AGRONEGÓCIO – As mulheres estão à frente da produção agropecuária em 19% das propriedades rurais brasileiras, o equivalente a duas em cada dez unidades produtivas. Juntas, elas administram cerca de 30 milhões de hectares, área que representa 8,5% do território rural explorado no país.
Os dados fazem parte do estudo “Mulheres nas Cadeias de Valor do Agronegócio Brasileiro”, publicado pela Fundação IDH. O levantamento analisa a participação feminina na gestão de propriedades rurais e destaca o avanço das mulheres no agronegócio, especialmente em pequenas propriedades e na agricultura familiar.

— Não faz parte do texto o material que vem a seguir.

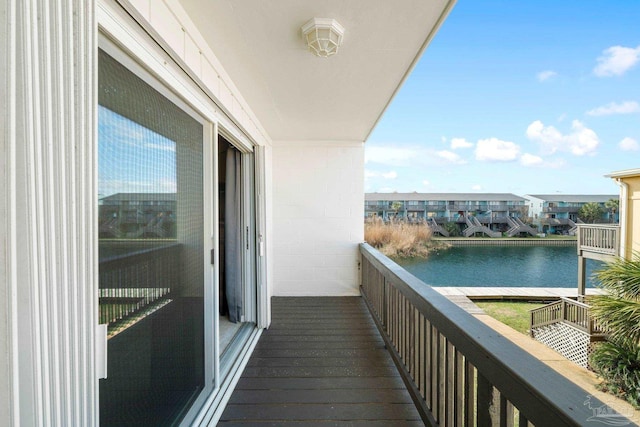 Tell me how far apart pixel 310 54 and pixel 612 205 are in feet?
21.2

Segundo o estudo, a presença feminina é mais significativa em estabelecimentos com até 20 hectares, onde as mulheres desempenham papel importante tanto na produção quanto na administração das atividades rurais.

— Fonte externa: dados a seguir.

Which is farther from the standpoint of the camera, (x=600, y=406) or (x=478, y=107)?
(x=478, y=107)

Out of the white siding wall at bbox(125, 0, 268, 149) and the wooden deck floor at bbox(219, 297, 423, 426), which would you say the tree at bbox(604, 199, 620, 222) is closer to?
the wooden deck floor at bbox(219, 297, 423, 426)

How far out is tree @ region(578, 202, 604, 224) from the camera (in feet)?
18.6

Diferença salarial ainda é um desafio
Apesar do crescimento da participação feminina no setor, o levantamento aponta que as mulheres continuam enfrentando desigualdade na remuneração.
Enquanto 29,8% dos homens que atuam no agronegócio recebem salários superiores a três salários mínimos, entre as mulheres esse percentual é de apenas 17,4%, evidenciando a disparidade de renda no meio rural.

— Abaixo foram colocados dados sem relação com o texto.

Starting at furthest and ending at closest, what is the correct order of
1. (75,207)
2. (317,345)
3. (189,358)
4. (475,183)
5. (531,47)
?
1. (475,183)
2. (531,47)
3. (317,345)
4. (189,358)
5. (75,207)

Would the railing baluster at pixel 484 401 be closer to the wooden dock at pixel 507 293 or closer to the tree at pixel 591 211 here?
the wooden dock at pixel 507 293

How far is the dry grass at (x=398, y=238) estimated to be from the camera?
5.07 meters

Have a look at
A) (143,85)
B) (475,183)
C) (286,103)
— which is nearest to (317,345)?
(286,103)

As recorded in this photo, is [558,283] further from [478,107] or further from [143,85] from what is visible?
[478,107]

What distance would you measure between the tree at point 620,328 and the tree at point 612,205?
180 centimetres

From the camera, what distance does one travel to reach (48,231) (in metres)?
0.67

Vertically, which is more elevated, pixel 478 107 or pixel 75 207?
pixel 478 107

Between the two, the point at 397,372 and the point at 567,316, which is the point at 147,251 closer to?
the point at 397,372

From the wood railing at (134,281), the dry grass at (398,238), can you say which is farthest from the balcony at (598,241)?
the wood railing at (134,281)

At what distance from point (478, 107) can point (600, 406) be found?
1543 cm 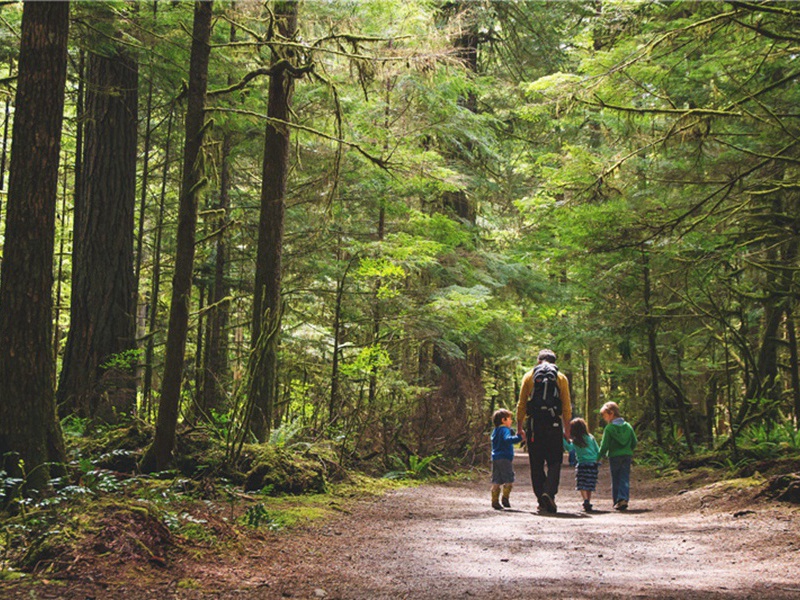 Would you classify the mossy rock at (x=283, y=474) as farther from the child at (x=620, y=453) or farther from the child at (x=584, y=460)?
the child at (x=620, y=453)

Pecuária lidera participação feminina
Entre as cadeias produtivas analisadas, a pecuária apresenta a maior presença de mulheres na liderança.
Segundo a pesquisa, 33% das propriedades pecuárias têm gestão feminina, tornando o segmento aquele com maior representatividade das produtoras rurais.
No cultivo de cacau, as mulheres administram 22% das propriedades, principalmente nos estados da Bahia e do Pará.
Já na produção de citros — que inclui laranja, limão, tangerina, lima ácida e toranja — elas respondem pela gestão de 18% das propriedades.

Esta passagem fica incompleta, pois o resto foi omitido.